Y así fue. Me enriquecí compartiendo aula con buenos amigos que no profesaban mi credo ni ajustaban su conducta a mis códigos morales. Su respeto por mis convicciones fue tan irrestricto como el mío por las suyas. En mi curso éramos sólo dos católicos; el resto mayoritariamente agnóstico y algunos con premilitancia marxista. De los profesores, no sé de ninguno que fuera cristiano. Sí que eran sabios, dedicados, maestros por vocación. La ley del respeto mutuo permaneció inquebrantada. Así confirmé mi fe y la dilaté con la comprensión y amistad de quienes, pensando y viviendo distinto buscaban, como yo, verdad y amor.

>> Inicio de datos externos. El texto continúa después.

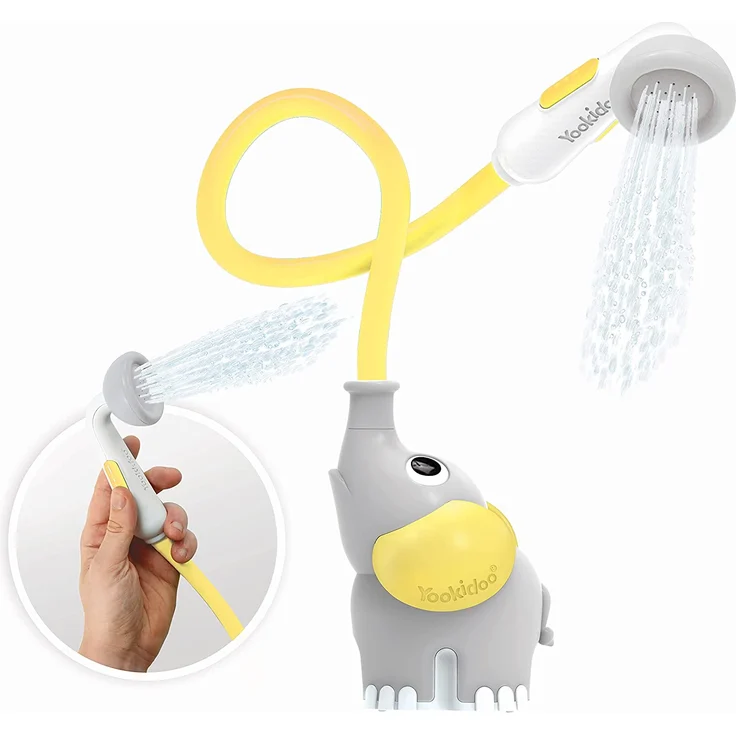 Yookidoo - Duschkopf Elefant, Gelb – Spielzeug für Babys – Badespiel und Dusche – Schlauch zum Säubern des Babys – Geschenk für Babys von 0 bis 2 Jahren – Bild 2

Mi integración al nuevo sistema fue tan exitosa que a comienzos de 1950 mis pares me eligieron presidente de curso y, más tarde, del Centro de Alumnos. Para el Día del Instituto fui yo quien habló a nombre de la comunidad escolar, mereciendo una inusualmente fervorosa felicitación del Rector. Pero en las semanas siguientes hizo crisis nuestra relación con los Inspectores: nos trataban en forma despectiva y nos arreaban como ganado para formar filas antes de cada clase. Heridos en nuestra adolescente dignidad, resolvimos actuar. El Centro de Alumnos me encomendó dirigir una carta al Rector, exponiendo el problema y solicitando un tiempo de prueba para mostrar que éramos capaces de formar filas autónomamente. Mi adolescente inexperiencia me indujo a cambiar el “solicitar” por “exigir”. La carta era privada. Al día siguiente me llamaron de Rectoría y me enviaron de vuelta a casa: estaba expulsado del Instituto. Sucesivas y suplicantes apelaciones de mi papá sólo consiguieron que me cambiaran del 5º A al 5º B y me permitieran terminar el año. En 1951, formalizada mi expulsión, fui admitido al Liceo de Aplicación.
No hubo quejas, ni protestas, ni tomas ni publicidad. Eran las reglas, la axiología, el fundamento de excelencia del “primer foco de luz de la Nación”. Mi gratitud por el Instituto es imperecedera e incluye expresamente el haberme expulsado. Así me enseñaron que un buen alumno (tenía las mejores notas del curso) puede en pocas semanas ser felicitado y luego excluido por infringir las normas de la prudencia y respeto a la autoridad.
Los nuevos aires de libertad y derechos necesitan el perenne oxígeno de madura responsabilidad y obediencia.